At the same time, nuclear is re-entering the conversation. While historically contentious, it is gaining renewed attention, particularly among larger developers, as a source of clean, firm power albeit with a longer lead time and more capital intensive implementation than other technologies.

In parallel, closer alignment is emerging between utilities and developers, driven by the shared challenge of delivering capacity at pace and scale. This is leading to more coordinated approaches to siting, interconnection, and system planning, with a greater focus on targeting generation to where load is emerging, rather than optimising for standalone project economics.

Overall, the market is moving towards a more integrated energy environment, where value is created not only through generation, but across the full ecosystem, including transmission, interconnection, and system flexibility.

Access to affordable capital is increasingly critical as investors become more selective

Policy uncertainty - particularly around US tax credits and evolving Foreign Entity of Concern (FEOC) rules - is shaping deal execution, especially for Investment Tax Credit (ITC) based structures such as Section 48E (the Clean Electricity Investment Credit).

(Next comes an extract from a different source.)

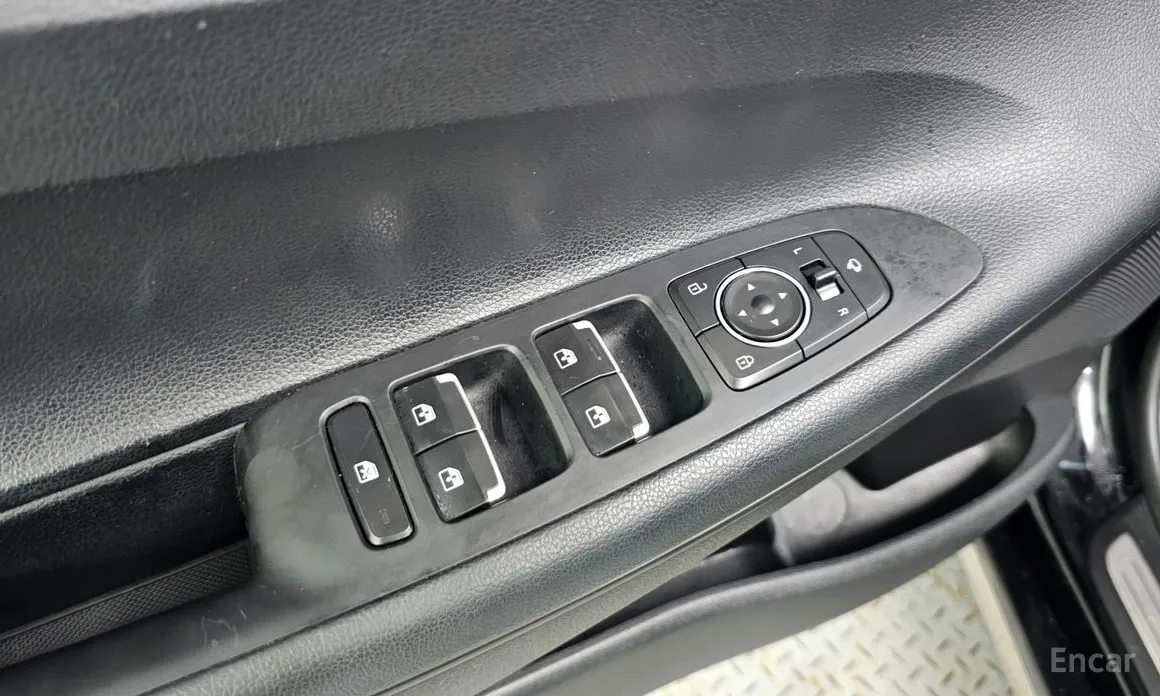 Фото 18 - Hyundai Grandeur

ITCs remain a critical driver of project economics, offering a significant upfront tax offset on costs, while the new Section 48E regime extends eligibility to all zero-emission generation on a technology-neutral basis. However, recent FEOC restrictions, linked to foreign ownership, influence, and supply chain inputs, have introduced new layers of complexity.

The FEOC restrictions combined with enhanced supply chain tracing requirements, have significantly increased the due diligence burden for developers, making compliance more complex and introducing additional execution risk. As a result, compliance continues to be operationally challenging.

This is driving a broader shift in the market: financial structuring is no longer a secondary consideration, it is central to execution, directly shaping deal certainty, timing, and overall transaction momentum. Participants highlighted the continued depth of capital across power and renewables, with strong deployment pressure from private credit and infrastructure funds supporting competitive pricing.

However, selectivity is increasing. As the complexities outlined above, from policy uncertainty and tax credit evolution to interconnection delays and delivery risk, take hold, investors are placing greater emphasis on certainty of execution and downside protection.

There is a clear shift towards operating or near-operational assets, with heightened scrutiny of project counterparties, documentation, and execution timelines. Investors are increasingly focused on interconnection risk, regulatory exposure, supply chain certainty, and revenue quality, alongside the strength of off takers and contracted cash flows.

While liquidity remains robust, market dynamics are becoming increasingly more complex. Careful attention to due diligence and early-stage planning is essential to avoid delays, repricing, or compliance risks. Developers with a strong track record and experience navigating this environment are clearly differentiating themselves and performing best.

Key takeaways

The roundtable highlighted a clear shift in the power and renewables market:

  • Demand is strong and accelerating, driven by data centres, industrial growth, and broad electrification
  • Deliverability is now the key constraint, with interconnection, transmission, and permitting challenges slowing deployment
  • Energy strategies are becoming more pragmatic, with battery storage playing a key role to enable reliability of renewables, alongside the need for other sources of power, such as gas and nuclear
  • Financial structuring is increasingly critical, as policy uncertainty and tax credit complexity shape execution
  • Capital remains abundant, but more selective, with investors prioritising experienced developers and downside protection

Ultimately, success is no longer about access to capital: it is defined by execution.